Meleana Carr pays a visit to Hoailona, also known as KP2, at his new home in the Waikiki Aquarium. The nearly blind Hawaiian monk seal had been at a California research laboratory for the past two years.

A nearly blind Hawaiian monk seal found years ago trying to suckle a rock at a Kauai beach after his mother abandoned him is settling into his new home at the Waikiki Aquarium.

Hoailona, also known as KP2, has been poking his snout into the corners and edges of the outdoor pool as he explores the new environment he moved into this week.

"He’s curious about everything that’s around him," aquarium director Andy Rossiter said Thursday.

Hoailona is about 12 in human years.

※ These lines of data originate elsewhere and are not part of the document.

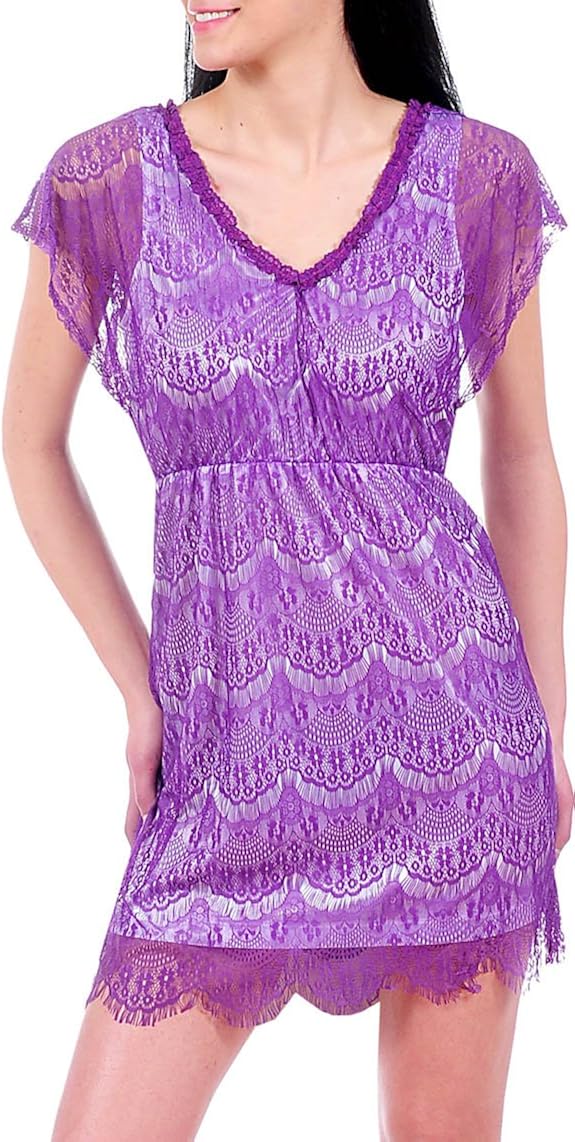 Sexy Purple Lace Babydoll Party Cocktail Dress S M L at Amazon Women’s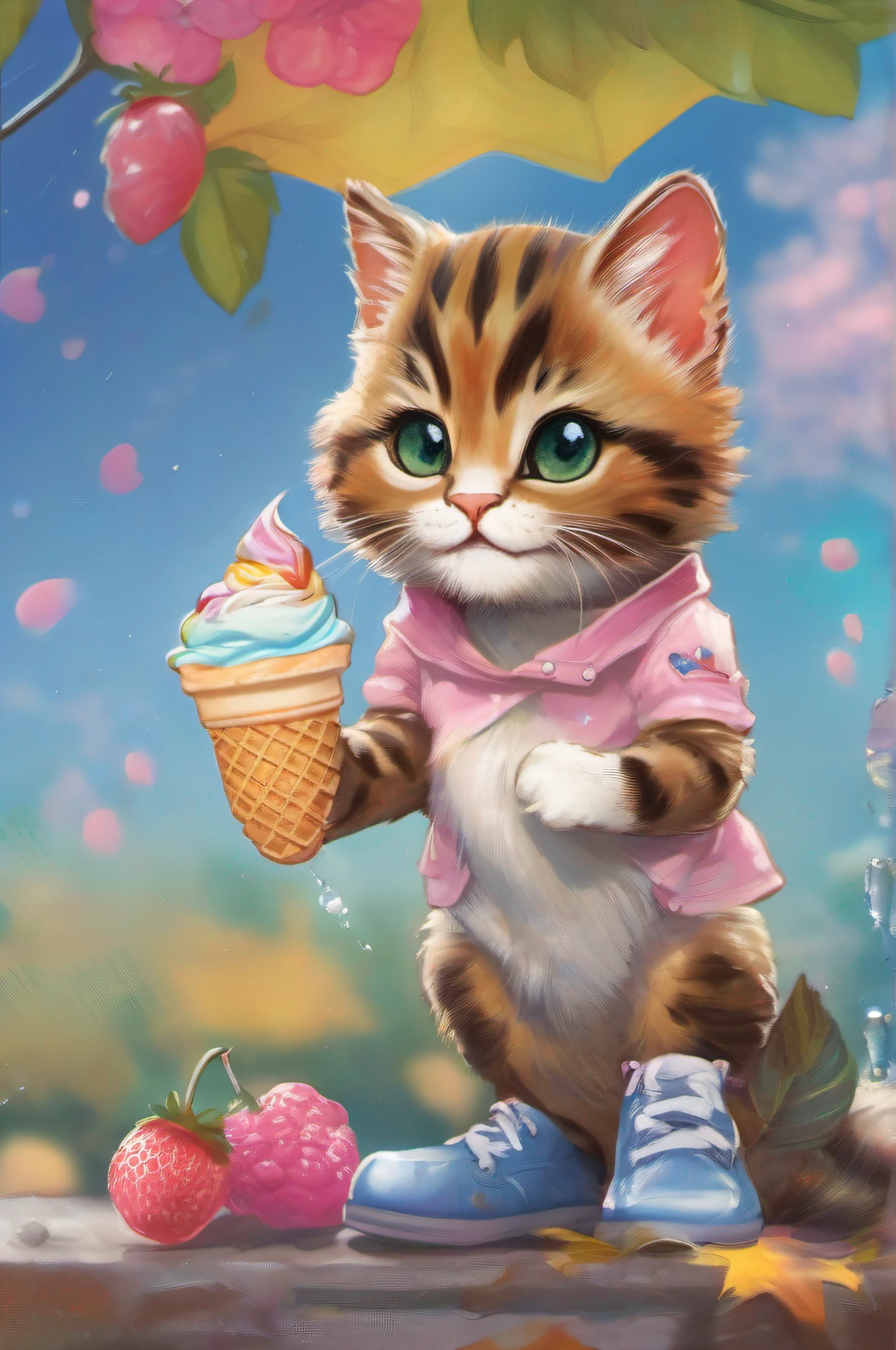 A chibi cat eating ice cream, in the style of artgerm, jerry pinkney, high resolution, dotted, loose and fluid,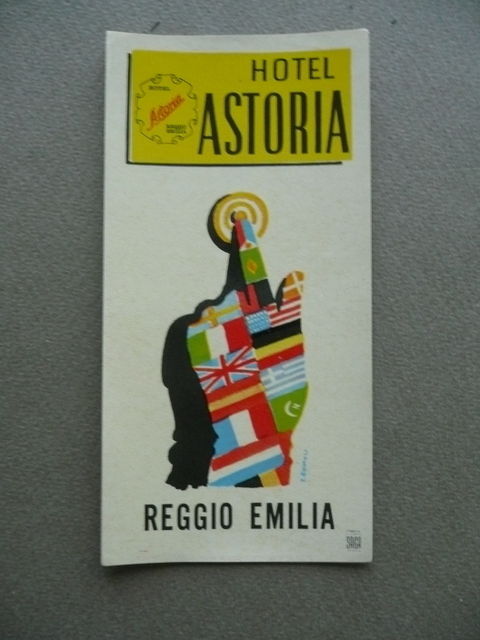 Etichetta Valigia Pubblicit‡ Hotel Astoria Reggio Emilia Grafica Romoli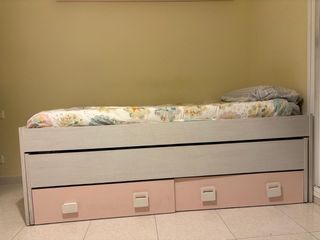 Cama nido con 2 cajones y estantería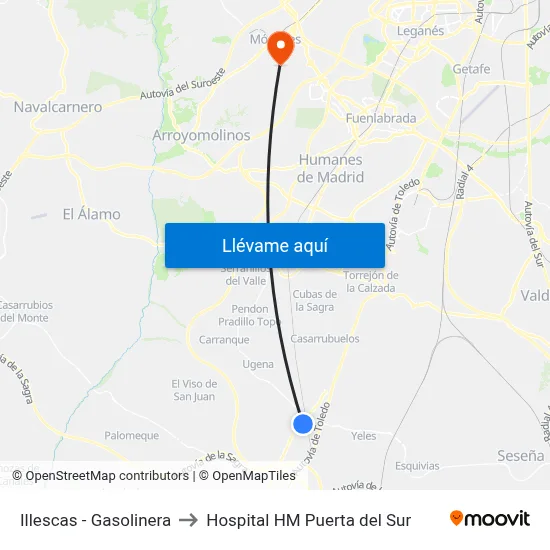 Illescas - Gasolinera to Hospital HM Puerta del Sur map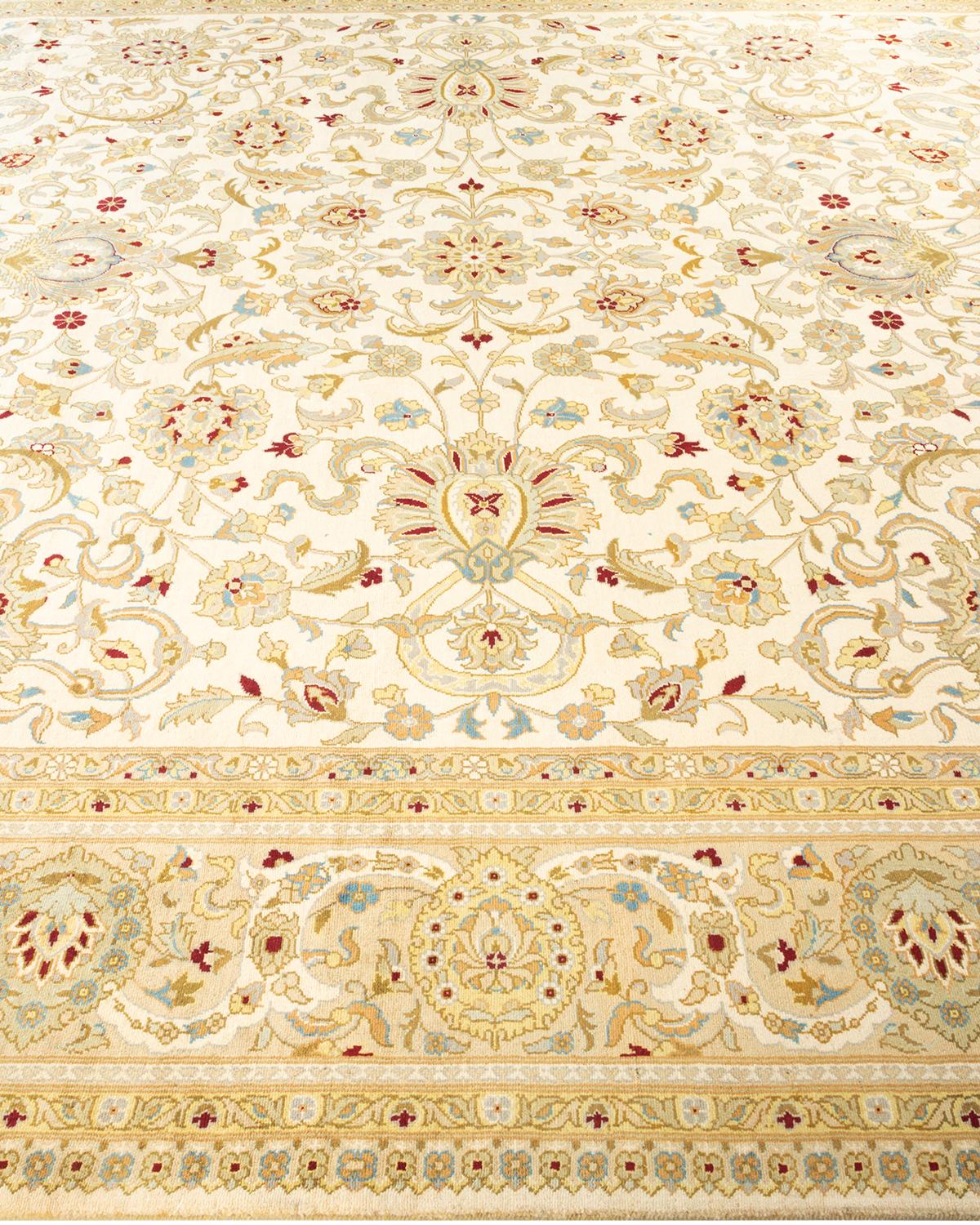 One-of-a-kind Hand Knotted Oriental Mogul Ivory Area Rug In New Condition For Sale In Norwalk, CT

National Marine Fisheries Service officials first found him trying to suckle on a rock when he was just 3 days old. Humans raised Hoailona until he was old enough to be released into the wild and then set him free on Molokai.

There, the seal gravitated to people and soon became famous for charming and playing with swimmers. But authorities had to take him away when he started holding people underwater. It was then that his eyesight was also found to be poor.

Hoailona has spent the past two years at a California research laboratory.

At the aquarium, Hoailona is joining Maka, a seal who has been at the aquarium for more than 25 years and who would be in his late 80s or 90s if he were human.